Your answer must be the full listing below, restated word for word, with no pictures in it.

[Start of section]

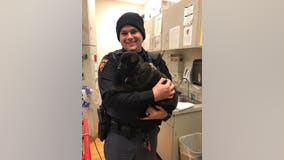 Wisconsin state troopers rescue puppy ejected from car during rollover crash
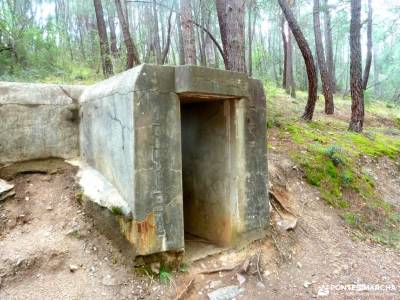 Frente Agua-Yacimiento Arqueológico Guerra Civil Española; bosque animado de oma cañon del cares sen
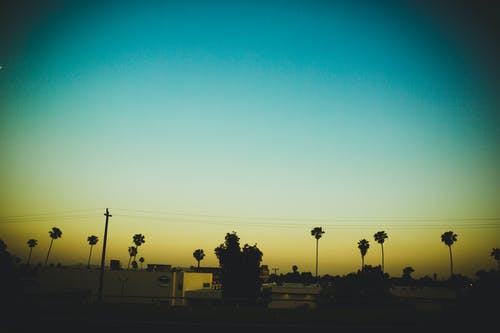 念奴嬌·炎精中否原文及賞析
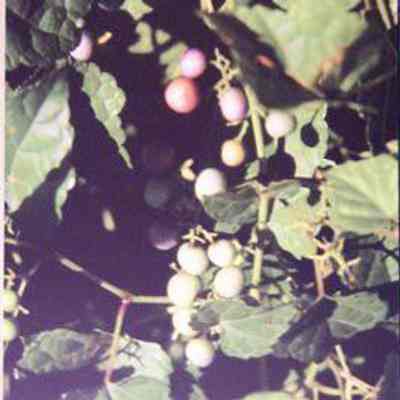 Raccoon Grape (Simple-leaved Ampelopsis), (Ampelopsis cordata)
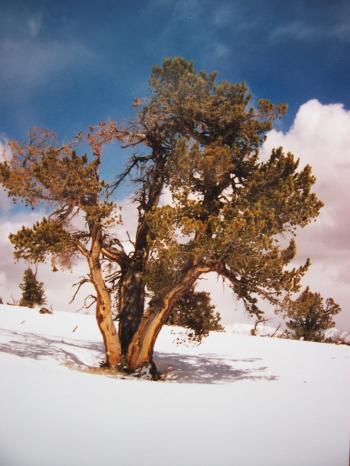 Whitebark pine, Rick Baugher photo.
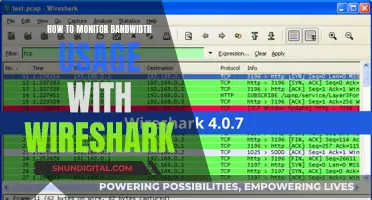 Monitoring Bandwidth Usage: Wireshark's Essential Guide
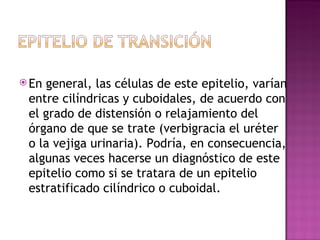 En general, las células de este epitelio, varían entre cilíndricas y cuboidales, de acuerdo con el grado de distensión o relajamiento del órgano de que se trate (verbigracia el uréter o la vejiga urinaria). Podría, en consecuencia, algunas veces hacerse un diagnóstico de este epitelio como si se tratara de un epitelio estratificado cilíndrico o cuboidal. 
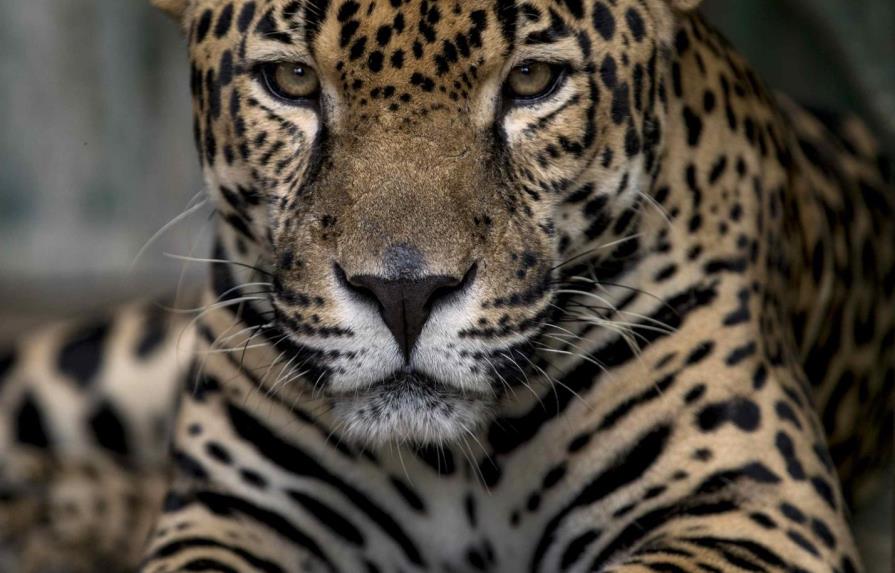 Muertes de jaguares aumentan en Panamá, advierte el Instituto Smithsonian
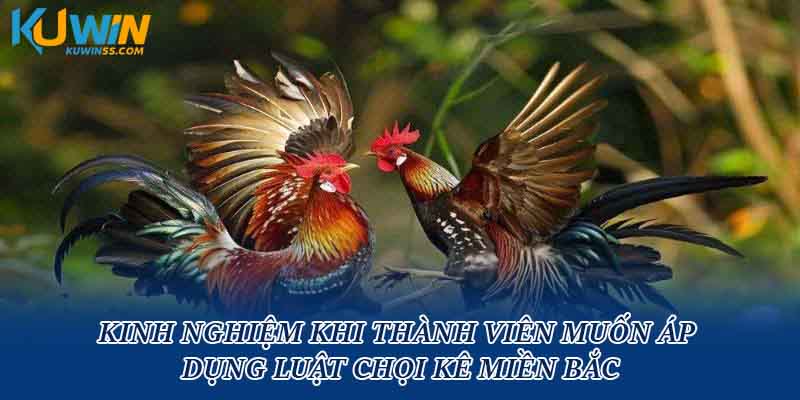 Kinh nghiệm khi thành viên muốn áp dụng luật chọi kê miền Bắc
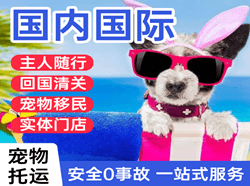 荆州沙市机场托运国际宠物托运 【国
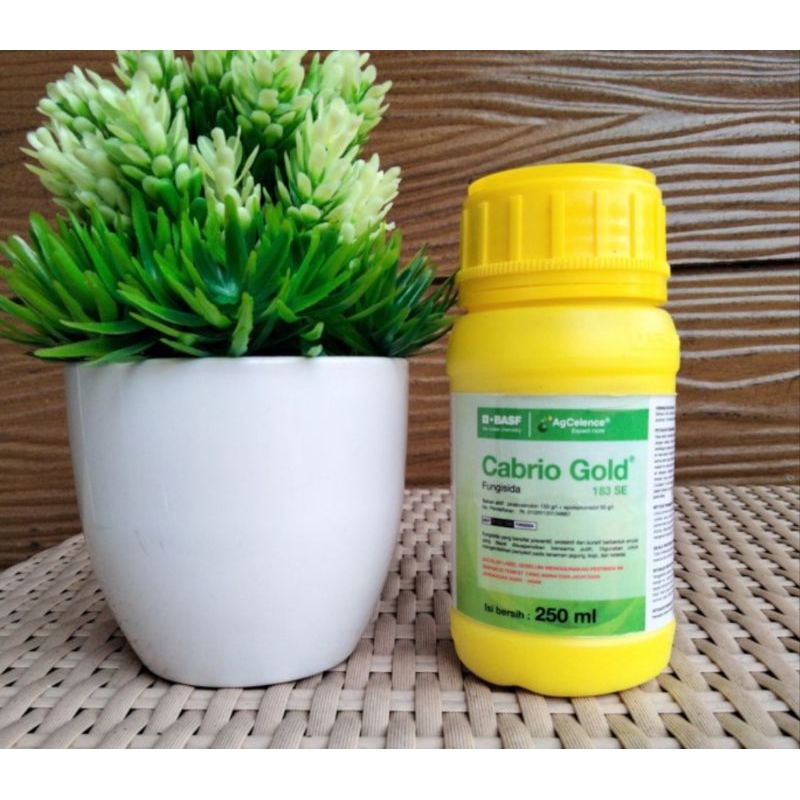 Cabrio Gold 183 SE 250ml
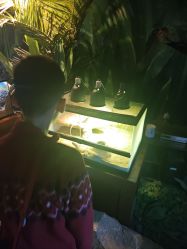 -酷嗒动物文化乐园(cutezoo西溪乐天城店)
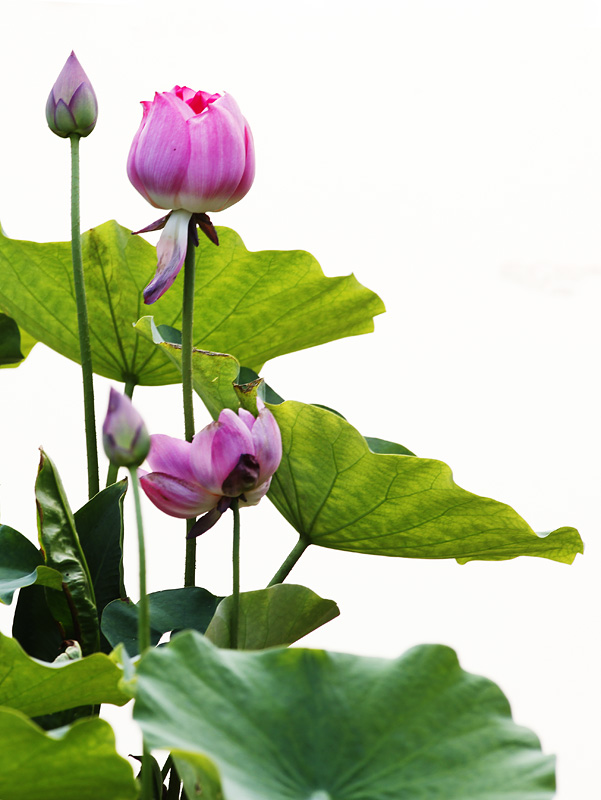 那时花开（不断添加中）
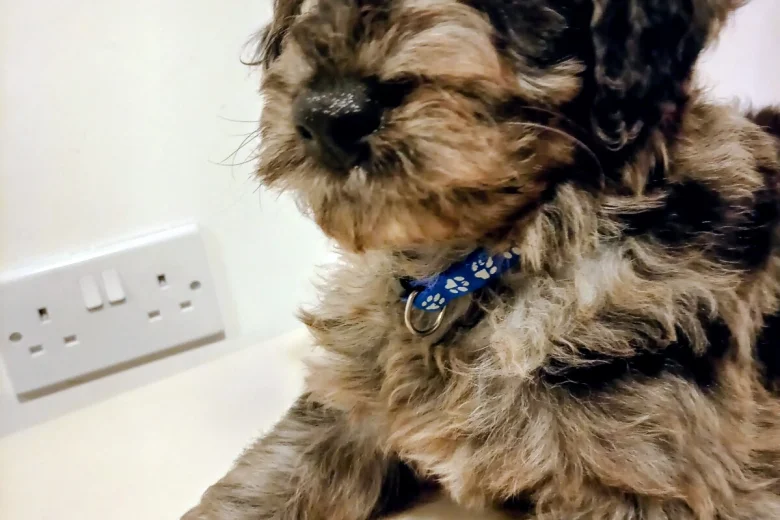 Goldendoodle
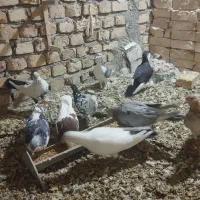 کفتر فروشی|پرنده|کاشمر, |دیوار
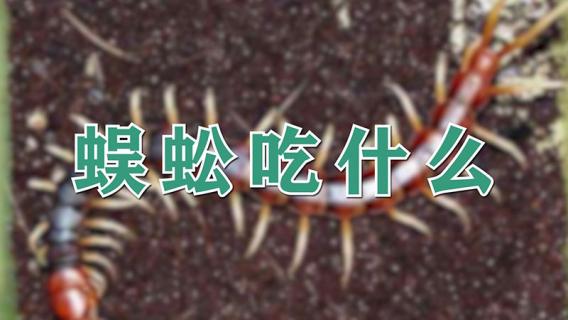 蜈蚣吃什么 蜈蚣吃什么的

[End of section]

▸ **Task response**:
 Wisconsin state troopers rescue puppy ejected from car during rollover crash
 Frente Agua-Yacimiento Arqueológico Guerra Civil Española; bosque animado de oma cañon del cares sen
 念奴嬌·炎精中否原文及賞析
 Raccoon Grape (Simple-leaved Ampelopsis), (Ampelopsis cordata)
 Whitebark pine, Rick Baugher photo.
 Monitoring Bandwidth Usage: Wireshark's Essential Guide
 En general, las células de este epitelio, varían entre cilíndricas y cuboidales, de acuerdo con el grado de distensión o relajamiento del órgano de que se trate (verbigracia el uréter o la vejiga urinaria). Podría, en consecuencia, algunas veces hacerse un diagnóstico de este epitelio como si se tratara de un epitelio estratificado cilíndrico o cuboidal. 
 Muertes de jaguares aumentan en Panamá, advierte el Instituto Smithsonian
 Kinh nghiệm khi thành viên muốn áp dụng luật chọi kê miền Bắc
 荆州沙市机场托运国际宠物托运 【国
 Cabrio Gold 183 SE 250ml
 -酷嗒动物文化乐园(cutezoo西溪乐天城店)
 那时花开（不断添加中）
 Goldendoodle
 کفتر فروشی|پرنده|کاشمر, |دیوار
 蜈蚣吃什么 蜈蚣吃什么的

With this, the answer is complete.